伊豆高原は富士箱根伊豆国立公園に指定された、天城の山々、大室山、城ヶ崎海岸という豊かな自然に恵まれたリゾート地。観光やアウトドアを楽しむのも良いところであるけれど、その豊かな自然に耳を傾ける旅はどうだろう。
あえて何もしない贅沢な時間を過ごす。
その宿に泊まり、滞在することが旅の目的。滞在する時間を贅沢に過ごせるのは、豊かな自然に囲まれた自由でこの上ない寛ぎ。5,000坪の森ではプライベートな空間を堪能し、混雑することもない。森の中と言っても部屋は洗練された客室で部屋ごとの設えも、それぞれの個性が魅力的だ。
花吹雪の森の中心部に位置する「白翁棟」は緑の中に包まれるようにある。
能の演目「翁」で演じられる「白翁」をイメージして設えたお部屋。広く開講した窓からは幾重にも重なる緑が見え、深い森へ続いている。自然の緑を見つめていると自分自身もまるで森の中に溶け込んでその一部となっているような錯覚になってくる。神聖な舞である「翁」の雰囲気がするような景色。

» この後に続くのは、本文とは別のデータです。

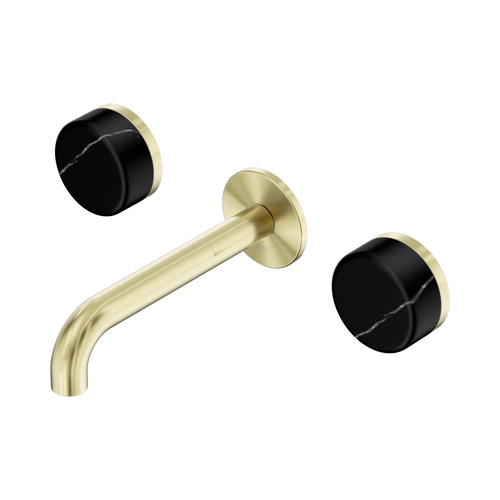 Serenity Wall Basin Set 160mm Spout with Marquina Black Handle Brushed Gold [308859]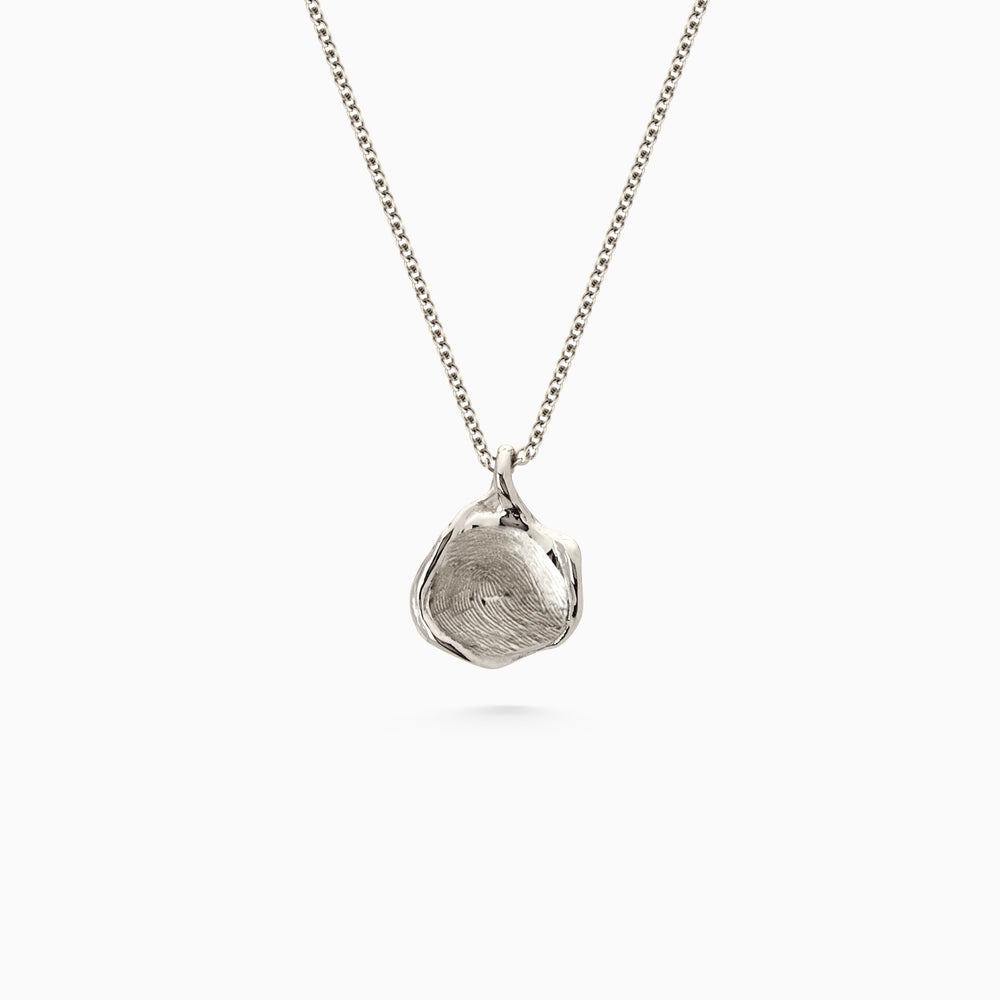 Custom Engraved Wave Pendant | White Gold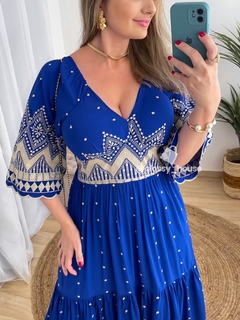 Vestido Serena Azul Bordado - comprar online
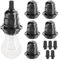 greate 6x E27 Fassung schwarz - Lampenfassung E27 schwarz 250V 60W - Lampensockel E27 aus Kunststoff - Sockel E27 Lampenfassung - E27 Sockel Fassung für Tischlampe, Stehlampe oder Deckenleuchte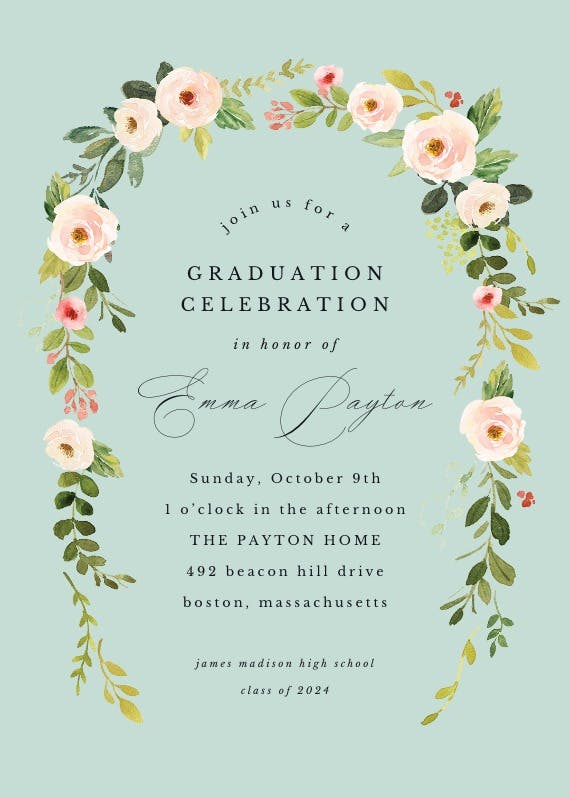 Falling flowers - graduation party invitation
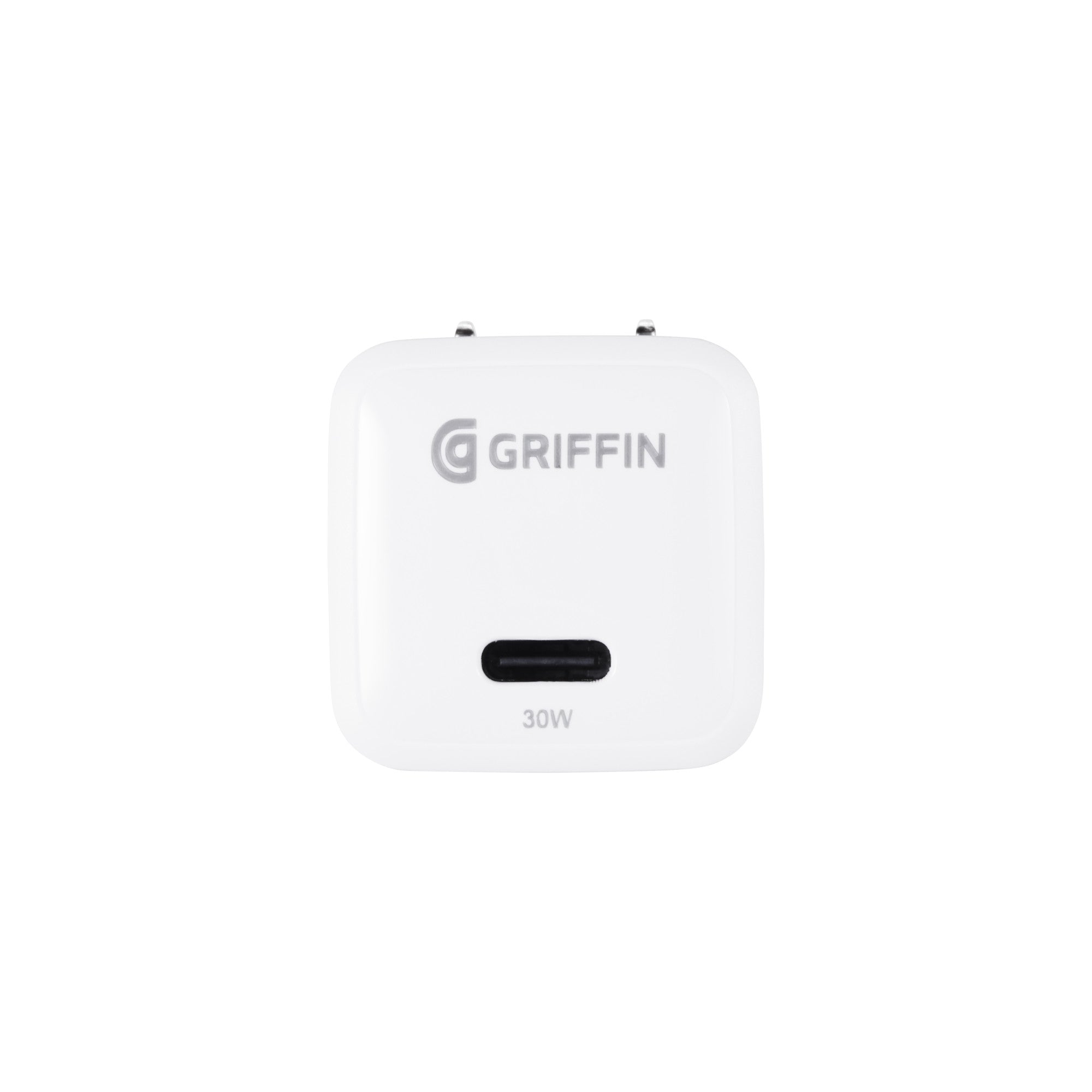 Griffin 30W GaN Wall Charger, Single USB-C 3.0A Port, Foldable Prongs, Fast Power Delivery for Phones & Tablets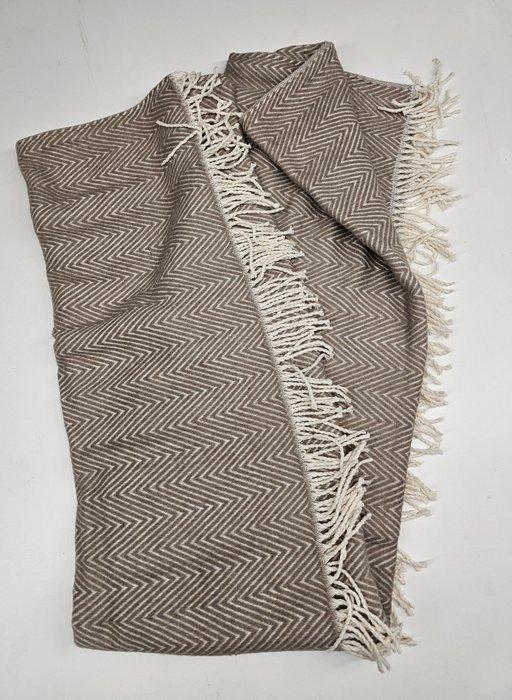 Grande Plaid exclusief in gemengd katoen, licht en donker, Antiek en Kunst, Curiosa en Brocante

畳にごろっとなるなんてことも、最近はしなくなって久しい。
天井と壁に和紙、畳、森を通して降り注ぐ外光と室内の間接照明。閑静な時間が流れていく。文庫を1冊持ってきたのだが、いつの間にかうとうとと眠り込んでしまう。うたた寝とはなんとも気持ちの良いもの。
歌が上手になった鶯が藪の中から鳴いている。力強く、高い声で鳴く時は、求愛の歌を雌に告げる雄の成鳥だそう。自慢げに美声を森に響かせている。
うたた寝から目覚めたら、湯殿に行こう。何しろ5,000坪の森の中に客室はわずか20室。貸切の温泉が9つという贅沢さ。白翁棟からは、露天風呂と内風呂がある黒文字の湯、檜湯、そして露天の鄙の湯も近い。
四季の移り変わりを堪能し、森の匂いを嗅ぎながら敷地内をゆっくり散歩。あえて予定は決めずに、点在する貸切の湯殿を巡るもよし、行き来の小径に足を止めるもまた良し。
和風オーベルジュと呼ばれる花吹雪。深い森に包まれ、宿泊棟が点在する。食事処も料理茶屋が3箇所に点在。他のお客様を気にせずゆっくりと食事が楽しめる。今夜の夕餉も楽しみである。